Regularly threatened, attacked and killed, journalists are also being imprisoned in record numbers around the world, an event on the sidelines of the UN General Assembly highlighted on Friday. These practices undermine not only the fundamental human rights of the reporters themselves, but also the public’s right to receive and impart information, rights experts warn.
The side event was organised by the Committee to Protect Journalists (CPJ), a US-based non-governmental organisation promoting press freedom and advocating for the rights of journalists worldwide.
According to the non-profit group, at the end of 2017, 262 journalists were jailed, including over 70 in Turkey, 40 in China, and 20 in Egypt. About 52 per cent of those jailed, were behind bars because of their reporting on human rights violations, said CPJ.
A May 2018 report by the UN Educational, Scientific and Cultural Organization (UNESCO) – mandated with safeguarding the freedom of the press and the safety of journalists – states that “arbitrary imprisonment of journalists, which fosters self-censorship and impinges on the public’s right to access information, has reportedly continued to rise, although many governments have maintained that particular journalists have been imprisoned for reasons unrelated to their journalistic work.”
“Governments around the world routinely use emergency laws to censor media outlets and publications,” declared Joel Simon, CPJ’s Executive Director. “Increasingly they also bring ‘fake news’ charges against journalists who contradict official statements. They try journalists in military courts, they hold them in pre-trial detention indefinitely.”
“These are all actions that contradict international human rights law, and the standards set by the UN,” he stressed.
Governments around the world routinely use emergency laws to censor media outlets - Joel Simon, CPJ Executive Director
Article 19 of the Universal Declaration of Human Rights, guarantees the “freedom to hold opinions without interference and to seek, receive and impart information and ideas through any media and regardless of frontiers”. The universality of this was reinforced in the 1966 International Covenant on Civil and Political Rights. In 2013, the UN General Assembly declared 2 November as the International Day to End Impunity for Crimes against Journalists, which is increasingly observed across the world.

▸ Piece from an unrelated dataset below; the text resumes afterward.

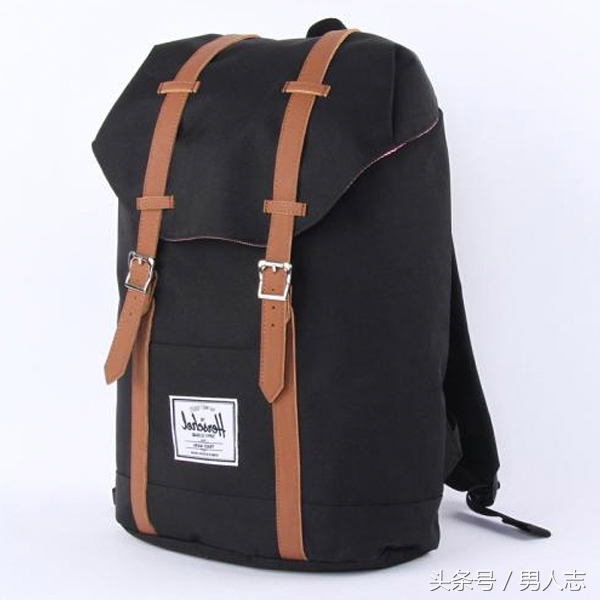秋冬男包｜要想出街有型，选对双肩包才是关键！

The event at UN headquarters on Friday highlighted in particular five cases of journalists currently imprisoned, including: Alaa Abdelfattah from Egypt and Azimjon Askarov from Kyrgyzstan, both arrested while covering alleged human rights abuses by security forces; Shahidul Alam from Bangladesh, imprisoned while covering student protests; and the high profile case of two Reuters journalists in Myanmar, Kyaw Soe Oo (also known as Moe Aung) and Wa Lone (also known as Thet Oo Maung), sentenced to seven years in jail, on charges of violating the country’s Official Secrets Act while covering the story of a massacre of Rohingya men by the Myanmar military in September 2017.
“Their conviction and draconian seven-year sentence are a travesty of justice and it is up to the government to set them free,” their legal counsel, world-renowned human rights lawyer, Amal Clooney, to the meeting at UN Headquarters.
Earlier this month, the UN High Commissioner for Human Rights, Michelle Bachelet, said in a statement that the two journalists’ coverage of the massacre – for which the military subsequently admitted responsibility – “was clearly in the public interest as it may otherwise never have come to light.” She called for their convictions “to be quashed and for them to be released, along with all other journalists currently in detention for their legitimate exercise of the right to freedom of expression.”
The UN warns that the “imprisonment of journalists for their legitimate work not only fosters a culture of self-censorship but also impinges on the broader rights of society to obtain information.”